§ **EXERCISE REQUIREMENTS**: Repeat the data exactly, every last line of it.
*** PROVIDED DATA Section Begins ***
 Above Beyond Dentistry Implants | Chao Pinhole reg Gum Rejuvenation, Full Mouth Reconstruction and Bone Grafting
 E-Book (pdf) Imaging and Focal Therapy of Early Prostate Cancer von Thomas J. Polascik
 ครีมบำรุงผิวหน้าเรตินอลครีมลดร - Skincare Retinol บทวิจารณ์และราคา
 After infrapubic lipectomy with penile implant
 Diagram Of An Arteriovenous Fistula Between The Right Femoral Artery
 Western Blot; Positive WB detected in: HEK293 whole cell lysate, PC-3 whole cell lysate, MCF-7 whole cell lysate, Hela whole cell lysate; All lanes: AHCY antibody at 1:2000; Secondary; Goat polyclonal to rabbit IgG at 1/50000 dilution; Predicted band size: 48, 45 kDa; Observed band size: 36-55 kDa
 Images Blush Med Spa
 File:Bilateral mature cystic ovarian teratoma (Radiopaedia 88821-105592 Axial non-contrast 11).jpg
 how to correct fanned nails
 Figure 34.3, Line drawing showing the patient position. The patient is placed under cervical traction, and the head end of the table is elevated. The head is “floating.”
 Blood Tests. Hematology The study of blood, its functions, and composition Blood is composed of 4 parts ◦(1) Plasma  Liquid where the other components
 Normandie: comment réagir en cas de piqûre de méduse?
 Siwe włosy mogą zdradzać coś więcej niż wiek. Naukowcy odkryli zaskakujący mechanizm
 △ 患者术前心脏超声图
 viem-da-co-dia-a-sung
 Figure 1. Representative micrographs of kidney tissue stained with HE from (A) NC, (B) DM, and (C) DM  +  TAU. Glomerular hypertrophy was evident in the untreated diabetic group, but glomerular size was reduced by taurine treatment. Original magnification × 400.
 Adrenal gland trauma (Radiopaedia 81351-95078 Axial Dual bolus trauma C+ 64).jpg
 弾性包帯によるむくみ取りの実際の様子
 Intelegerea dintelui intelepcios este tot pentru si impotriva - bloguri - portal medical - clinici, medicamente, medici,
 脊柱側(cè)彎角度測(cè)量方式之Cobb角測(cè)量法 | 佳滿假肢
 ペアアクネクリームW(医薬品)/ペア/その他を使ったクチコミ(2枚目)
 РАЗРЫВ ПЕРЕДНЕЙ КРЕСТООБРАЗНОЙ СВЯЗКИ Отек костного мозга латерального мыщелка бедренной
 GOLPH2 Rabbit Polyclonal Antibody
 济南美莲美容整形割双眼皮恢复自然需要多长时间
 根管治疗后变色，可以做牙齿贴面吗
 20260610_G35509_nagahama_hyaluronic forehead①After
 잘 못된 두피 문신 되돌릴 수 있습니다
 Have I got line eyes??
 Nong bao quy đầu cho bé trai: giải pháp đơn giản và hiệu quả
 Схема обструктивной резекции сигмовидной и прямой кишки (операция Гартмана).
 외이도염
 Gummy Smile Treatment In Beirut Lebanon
*** PROVIDED DATA Section Ends ***
§ **ANSWER BOX**:
 Above Beyond Dentistry Implants | Chao Pinhole reg Gum Rejuvenation, Full Mouth Reconstruction and Bone Grafting
 E-Book (pdf) Imaging and Focal Therapy of Early Prostate Cancer von Thomas J. Polascik
 ครีมบำรุงผิวหน้าเรตินอลครีมลดร - Skincare Retinol บทวิจารณ์และราคา
 After infrapubic lipectomy with penile implant
 Diagram Of An Arteriovenous Fistula Between The Right Femoral Artery
 Western Blot; Positive WB detected in: HEK293 whole cell lysate, PC-3 whole cell lysate, MCF-7 whole cell lysate, Hela whole cell lysate; All lanes: AHCY antibody at 1:2000; Secondary; Goat polyclonal to rabbit IgG at 1/50000 dilution; Predicted band size: 48, 45 kDa; Observed band size: 36-55 kDa
 Images Blush Med Spa
 File:Bilateral mature cystic ovarian teratoma (Radiopaedia 88821-105592 Axial non-contrast 11).jpg
 how to correct fanned nails
 Figure 34.3, Line drawing showing the patient position. The patient is placed under cervical traction, and the head end of the table is elevated. The head is “floating.”
 Blood Tests. Hematology The study of blood, its functions, and composition Blood is composed of 4 parts ◦(1) Plasma  Liquid where the other components
 Normandie: comment réagir en cas de piqûre de méduse?
 Siwe włosy mogą zdradzać coś więcej niż wiek. Naukowcy odkryli zaskakujący mechanizm
 △ 患者术前心脏超声图
 viem-da-co-dia-a-sung
 Figure 1. Representative micrographs of kidney tissue stained with HE from (A) NC, (B) DM, and (C) DM  +  TAU. Glomerular hypertrophy was evident in the untreated diabetic group, but glomerular size was reduced by taurine treatment. Original magnification × 400.
 Adrenal gland trauma (Radiopaedia 81351-95078 Axial Dual bolus trauma C+ 64).jpg
 弾性包帯によるむくみ取りの実際の様子
 Intelegerea dintelui intelepcios este tot pentru si impotriva - bloguri - portal medical - clinici, medicamente, medici,
 脊柱側(cè)彎角度測(cè)量方式之Cobb角測(cè)量法 | 佳滿假肢
 ペアアクネクリームW(医薬品)/ペア/その他を使ったクチコミ(2枚目)
 РАЗРЫВ ПЕРЕДНЕЙ КРЕСТООБРАЗНОЙ СВЯЗКИ Отек костного мозга латерального мыщелка бедренной
 GOLPH2 Rabbit Polyclonal Antibody
 济南美莲美容整形割双眼皮恢复自然需要多长时间
 根管治疗后变色，可以做牙齿贴面吗
 20260610_G35509_nagahama_hyaluronic forehead①After
 잘 못된 두피 문신 되돌릴 수 있습니다
 Have I got line eyes??
 Nong bao quy đầu cho bé trai: giải pháp đơn giản và hiệu quả
 Схема обструктивной резекции сигмовидной и прямой кишки (операция Гартмана).
 외이도염
 Gummy Smile Treatment In Beirut Lebanon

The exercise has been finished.